Each line at or after the one containing "华味亨焦糖味香瓜子 500g*2包图3" should be transcribed exactly, up to and including the final line of the data.

Stored data:
§
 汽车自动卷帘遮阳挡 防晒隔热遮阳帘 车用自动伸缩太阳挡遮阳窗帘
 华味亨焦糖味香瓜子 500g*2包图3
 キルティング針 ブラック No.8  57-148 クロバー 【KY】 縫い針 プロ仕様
§
Exercise output:
 华味亨焦糖味香瓜子 500g*2包图3
 キルティング針 ブラック No.8  57-148 クロバー 【KY】 縫い針 プロ仕様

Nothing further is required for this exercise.